_RECORDS FOR THIS TASK_
■ ■ ■ ■ ■ ■ ■

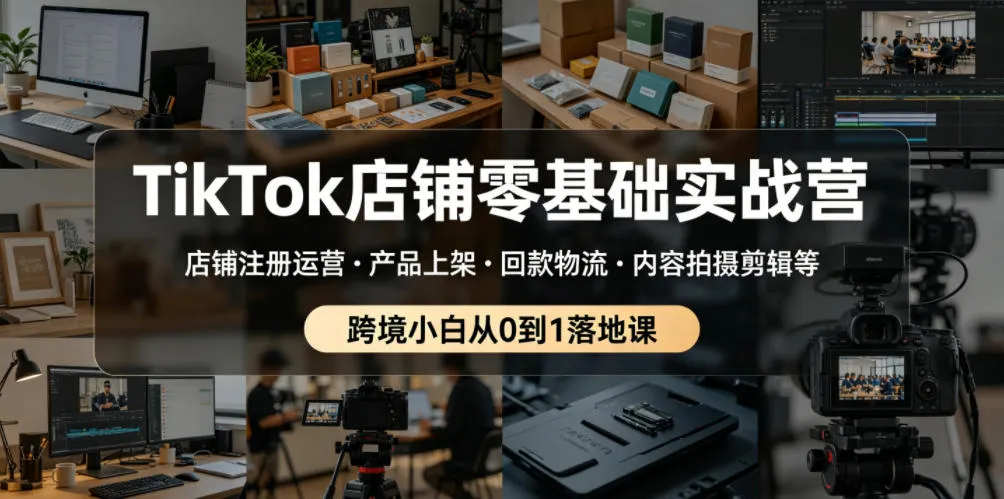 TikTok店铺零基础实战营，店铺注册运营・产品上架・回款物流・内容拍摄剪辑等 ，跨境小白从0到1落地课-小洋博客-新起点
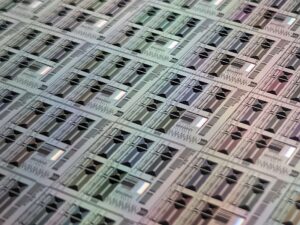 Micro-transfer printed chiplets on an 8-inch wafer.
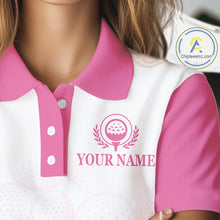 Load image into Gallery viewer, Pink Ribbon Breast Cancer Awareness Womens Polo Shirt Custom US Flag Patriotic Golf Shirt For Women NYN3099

■ ■ ■ ■ ■ ■ ■

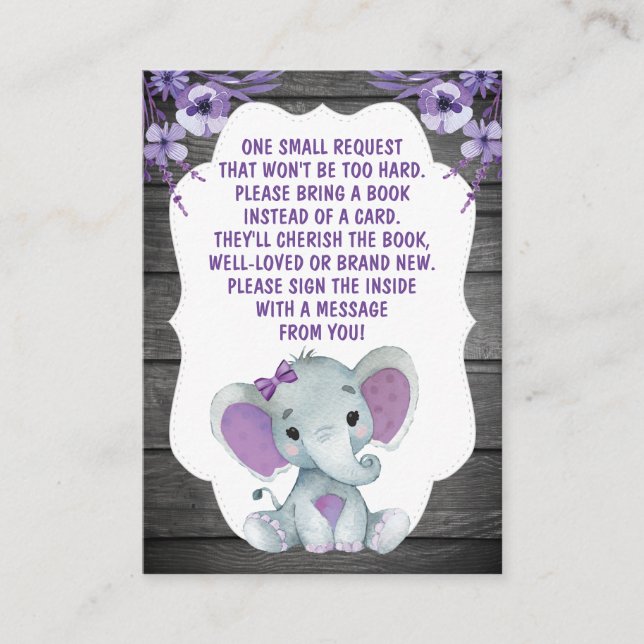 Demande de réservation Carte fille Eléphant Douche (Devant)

■ ■ ■ ■ ■ ■ ■

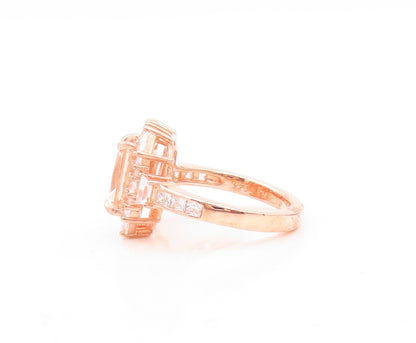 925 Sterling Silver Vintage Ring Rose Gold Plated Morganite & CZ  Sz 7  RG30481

■ ■ ■ ■ ■ ■ ■

With the pictures omitted, print the lines above exactly, beginning at the line with "Micro-transfer printed chiplets" and going on through the line with "Load image into".

 Micro-transfer printed chiplets on an 8-inch wafer.
 Load image into Gallery viewer, Pink Ribbon Breast Cancer Awareness Womens Polo Shirt Custom US Flag Patriotic Golf Shirt For Women NYN3099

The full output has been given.